28.10.2020
Udo Kittelmann has served as the Director of the Nationalgalerie for 12 years. Kittelmann decided not to renew his contract when it ends on 31 October 2020. After Kittelmann’s departure, his erstwhile deputy, Joachim Jäger, will become Acting Director. The Nationalgalerie is made up of six institutions: the Alte Nationalgalerie, the Neue Nationalgalerie, the Hamburger Bahnhof – Museum für Gegenwart – Berlin, Museum Berggruen, the Sammlung Scharf-Gerstenberg and, since 27 October 2020, the newly reopened Friedrichswerdersche Kirche.

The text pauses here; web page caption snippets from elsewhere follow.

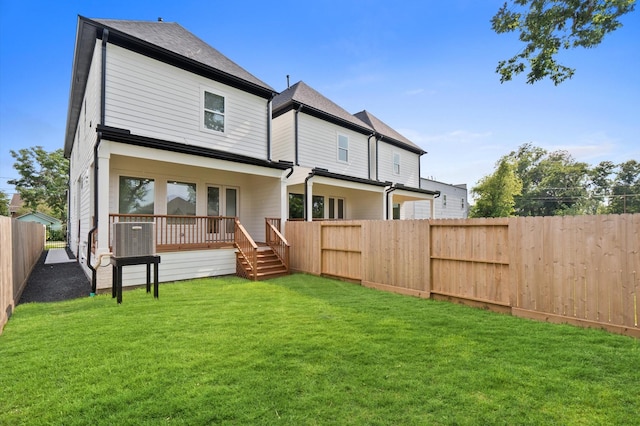 back of house with a lawn and a wooden deck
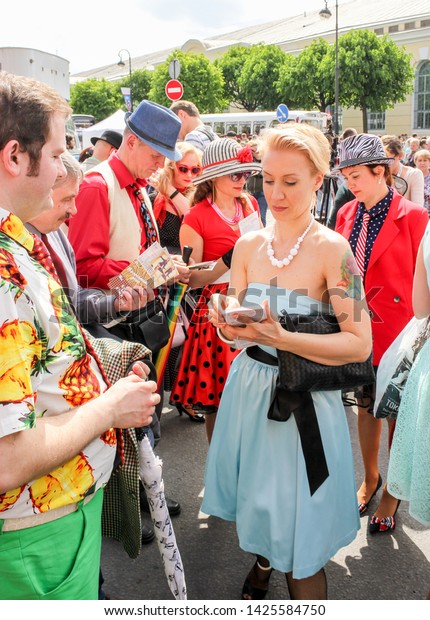 \
St. Petersburg, Russia - 25 May,\
2019.\
Women in the crowd.\
Show group in retro costumes on the day\
of the city in St.\
Petersburg.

“Udo Kittelmann made the Nationalgalerie accessible to everybody,” stated Michael Eissenhauer, Director-General of the Staatliche Museen zu Berlin. “He made the museums of the Nationalgalerie into open houses, inviting in all sectors of society, addressing a whole range of social discourses, which they commented on through the medium of art. As an exceptionally gifted exhibition-maker, together with his team he developed large-scale exhibition projects as well as focused, subtle presentations that have left their mark not just on Berlin as a city of the arts, but on the international art world. In doing so, Udo Kittelmann always placed the Nationalgalerie collection, with its outstanding works, its dark phases and blind spots, its historical turmoil and its significant cultural importance at the centre of his work, developing visionary, critically minded exhibition formats, which for years to come will serve as benchmarks for the kind of work that public art collections ought to be doing around the world. For this, I and the Staatliche Museen zu Berlin owe Udo Kittelmann an enormous debt of gratitude.”
New Perspectives, Critical Aspects, Unmistakable Accents
Udo Kittelmann, born in 1958 in Düsseldorf, was Director of the Kölnischer Kunstverein from 1994 to 2001, and from 2002 to 2008 Director of the Museum für Moderne Kunst in Frankfurt. He took up his post in Berlin on 1 November 2008, taking over from Peter-Klaus Schuster. With his very first exhibition Die Kunst ist super! (Art is Great!) in 2009–2010, Kittelmann passionately interrogated the supposedly stable systems of value operating behind the Nationalgalerie collection, establishing his vision of art as a seismograph of social changes.
This was followed by the collection displays he put together with the team of the Nationalgalerie, such as Modern Times: The Collection – 1900–1945 (2010–2011) and Divided Heaven: The Collection – 1945–1968 (2011–2013) at the Neue Nationalgalerie, The Black Years: Histories of a Collection – 1933–1945 (2015–2016), and Hello World: Revising a Collection, which in 2018 at the Hamburger Bahnhof posed the question of what the collection of the Nationalgalerie would look like if its acquisition had not been informed by a Eurocentric gaze. In 2019, the hugely successful show Emil Nolde: A German Legend – The Artist During the Nazi Regime sparked public discussion, while that same year, with Fighting for Visibility, the Alte Nationalgalerie placed a special focus on the women artists of the Nationalgalerie collections for the very first time.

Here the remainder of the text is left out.